ConocoPhillips during 3Q2010 curtailed about 180 MMcfe/d in North America, mostly in Western Canada, in response to continuing low natural gas prices, the producer said Wednesday.
About 150 MMcf/d was shuttered in the company’s Western Canadian operations and about a total of 35 MMcf/d was curtailed in the San Juan Basin and in the Bossier Shale, according to Clayton Reasor, vice president of corporate affairs. He and CEO Jim Mulva shared a microphone during a conference call with energy analysts.
“We would do more curtailments if we could,” Mulva said. “But we have partners…smaller independents, private producers…that won’t go along with curtailments. But we think [gas] has more value in the future.”
ConocoPhillips could produce more gas through the rest of this year and in 2011, Mulva said. “But that doesn’t make a lot of sense for dry gas…for a lot of places in North America. If we wanted production to be higher, we could do it, but why spend the money?”

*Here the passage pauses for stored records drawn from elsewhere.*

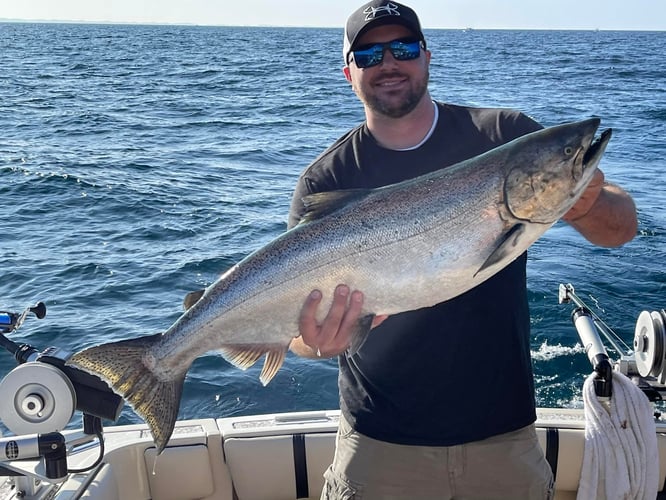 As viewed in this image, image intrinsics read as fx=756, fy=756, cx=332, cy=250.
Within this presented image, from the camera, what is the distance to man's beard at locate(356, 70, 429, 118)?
359 cm

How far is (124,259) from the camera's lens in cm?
1207

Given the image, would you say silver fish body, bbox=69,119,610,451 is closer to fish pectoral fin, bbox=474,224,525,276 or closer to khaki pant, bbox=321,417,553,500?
fish pectoral fin, bbox=474,224,525,276

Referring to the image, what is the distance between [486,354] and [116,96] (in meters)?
32.7

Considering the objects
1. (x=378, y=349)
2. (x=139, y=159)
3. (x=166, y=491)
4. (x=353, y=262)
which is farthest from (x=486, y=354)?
(x=139, y=159)

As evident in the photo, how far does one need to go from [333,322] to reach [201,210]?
1187 cm

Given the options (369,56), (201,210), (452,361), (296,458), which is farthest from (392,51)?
(201,210)

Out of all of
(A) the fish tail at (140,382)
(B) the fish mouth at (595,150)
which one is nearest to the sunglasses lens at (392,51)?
(B) the fish mouth at (595,150)

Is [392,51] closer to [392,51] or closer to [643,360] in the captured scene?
[392,51]

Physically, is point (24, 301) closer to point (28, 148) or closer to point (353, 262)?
point (353, 262)

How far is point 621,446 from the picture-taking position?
15.0 feet

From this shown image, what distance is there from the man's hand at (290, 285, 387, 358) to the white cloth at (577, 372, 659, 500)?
1.98 m

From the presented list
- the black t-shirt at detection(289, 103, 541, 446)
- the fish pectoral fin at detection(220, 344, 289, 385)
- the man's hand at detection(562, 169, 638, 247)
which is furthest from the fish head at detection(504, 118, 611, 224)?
the fish pectoral fin at detection(220, 344, 289, 385)

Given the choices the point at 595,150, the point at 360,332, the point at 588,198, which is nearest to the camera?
the point at 595,150

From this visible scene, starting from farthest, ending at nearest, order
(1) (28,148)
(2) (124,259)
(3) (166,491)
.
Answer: (1) (28,148) → (2) (124,259) → (3) (166,491) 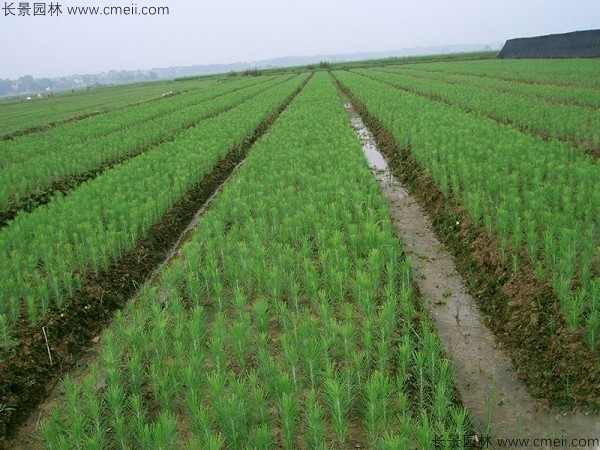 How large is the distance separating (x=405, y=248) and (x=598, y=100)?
417 inches

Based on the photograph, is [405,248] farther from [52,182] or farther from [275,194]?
[52,182]

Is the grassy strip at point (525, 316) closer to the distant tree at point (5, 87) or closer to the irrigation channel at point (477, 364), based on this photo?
the irrigation channel at point (477, 364)

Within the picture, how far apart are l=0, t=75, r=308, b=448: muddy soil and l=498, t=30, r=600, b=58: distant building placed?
3803cm

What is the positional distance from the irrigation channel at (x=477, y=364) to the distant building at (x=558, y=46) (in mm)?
36541

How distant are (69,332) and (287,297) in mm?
2068

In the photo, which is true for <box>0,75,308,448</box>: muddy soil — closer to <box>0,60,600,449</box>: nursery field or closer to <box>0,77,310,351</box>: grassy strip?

Asked when or what the breakeven price would be for the Houston-based producer to bring the shut-in gas back on line, Mulva said the company could “get breakevens even today if we produced this [gas]. But we’re not willing to push volumes and essentially just break even.
“The market won’t sort it out in the short term, but it will become less dysfunctional, there will be more demand…Really, the way we look at it…prices today are…unsustainable. We have to see [gas prices] moving toward a $4, $5 range, and that we think with time will come. That’s what is factored into our decision.”
ConocoPhillips’ breakeven price for Western Canadian gas is $5.50-5.75/Mcf, while the breakeven in the Lower 48 states is $3.75, said Reasor.
Although some of its gas is shut in, the producer is accelerating plans in the liquids-rich Eagle Ford Shale, where capital spending in 2011 will more than triple from this year.
ConocoPhillips will spend about $300 million total through 2010 in the South Texas play, Reasor said. In 2011, the proposed capital spending budget for the Eagle Ford alone is set at $1-1.5 billion. All of the increased spending is to go for drilling and completion costs — no additional acreage is included in the numbers, he noted.
“These wells generally are producing around 1,500 boe/d [over a 30-day average rate], and well costs are running in the $8 million to $9 million range,” Reasor said. The ultimate reserve numbers are still being determined “but we are really encouraged by what we’ve seen so far.”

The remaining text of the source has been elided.